Daí o carro-chefe da discussão: a manipulação da sociedade de risco para o benefício de determinadas instituições. Quem lucra? Talvez mais que a imprensa, sejam os políticos com o discurso vingativo e salvacionista; quem sabe as seguradoras que entabulam velado lobby para aumentar tarifas e, finalmente, os aparelhos estatais de promoção de investigação, ação penal, julgamento, execução que, por meio do panfleto de segurança pública, vêem-se mais fortes para demandar vantagens.

Sobra, finalmente, uma questão: afinal, com a escalada da complexidade das relações humanas, inclusive com o surgimento do crime organizado, vale a pena sufragar a tese de amputações nas garantias constitucionais do devido processo legal, em nome da eficiência judicial, em prol do combate à insegurança? Uma vez mais, o professor Ripollés se socorre do histórico e de pesquisas.
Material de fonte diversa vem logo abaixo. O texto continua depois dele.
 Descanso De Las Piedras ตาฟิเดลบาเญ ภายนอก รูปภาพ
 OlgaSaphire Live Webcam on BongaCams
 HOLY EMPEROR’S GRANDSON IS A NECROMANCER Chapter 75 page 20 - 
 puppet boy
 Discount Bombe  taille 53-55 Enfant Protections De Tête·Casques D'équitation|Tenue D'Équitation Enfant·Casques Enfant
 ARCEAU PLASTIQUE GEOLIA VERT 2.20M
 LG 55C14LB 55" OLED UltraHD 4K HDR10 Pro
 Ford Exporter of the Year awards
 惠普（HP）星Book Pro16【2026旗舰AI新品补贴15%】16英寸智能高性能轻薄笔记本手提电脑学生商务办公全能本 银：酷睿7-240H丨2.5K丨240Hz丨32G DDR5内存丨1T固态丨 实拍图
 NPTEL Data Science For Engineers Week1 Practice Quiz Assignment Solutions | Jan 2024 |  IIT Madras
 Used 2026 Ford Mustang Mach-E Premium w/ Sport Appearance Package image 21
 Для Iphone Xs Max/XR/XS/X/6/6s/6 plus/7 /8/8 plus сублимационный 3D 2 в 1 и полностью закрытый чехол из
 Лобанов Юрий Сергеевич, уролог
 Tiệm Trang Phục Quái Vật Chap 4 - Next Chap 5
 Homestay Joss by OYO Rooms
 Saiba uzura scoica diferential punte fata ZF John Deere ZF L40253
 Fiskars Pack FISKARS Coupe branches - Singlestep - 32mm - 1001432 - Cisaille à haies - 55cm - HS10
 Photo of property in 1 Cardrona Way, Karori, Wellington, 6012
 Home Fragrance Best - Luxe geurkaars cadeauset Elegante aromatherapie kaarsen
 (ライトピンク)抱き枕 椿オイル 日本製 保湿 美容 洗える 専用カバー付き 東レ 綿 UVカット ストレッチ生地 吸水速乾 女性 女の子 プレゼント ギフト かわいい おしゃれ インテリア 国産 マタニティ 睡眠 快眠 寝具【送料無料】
Ao mirar no achatamento de direitos liberais, fruto da conquista da civilização, pretende-se atingir o traficante internacional de drogas, armas, órgãos humanos, pessoas e o terrorista em escala substantiva, além dos delinqüentes que fraudam, corromper e inserem capital ilícito em circulação — tudo em larga proporção, evidentemente. Ocorre que tais limitações constitucionais são aplicadas aos delitos mais rasteiros e os milenarmente conhecidos — furto, roubo, extorsão, delitos sexuais, tráfico, homicídios. Ora, tais fatos não são inovadores e não apresentaram crescimento proporcional ao de qualquer país — ao contrário!

Em conclusão: lucra-se com a (in)segurança pública, sendo a distorção essencial da “sociedade de risco” e do “direito penal do inimigo” é creditar ao crime comum, 70% patrimoniais aproximadamente, o mesmo tratamento de choque teorizados para delitos de altíssima complexidade, face às exigências ideológicas dirigidas pelos atores já apontados alhures. Convém afirmar tratar-se de sofisma clássico e, mais que isso — perigoso.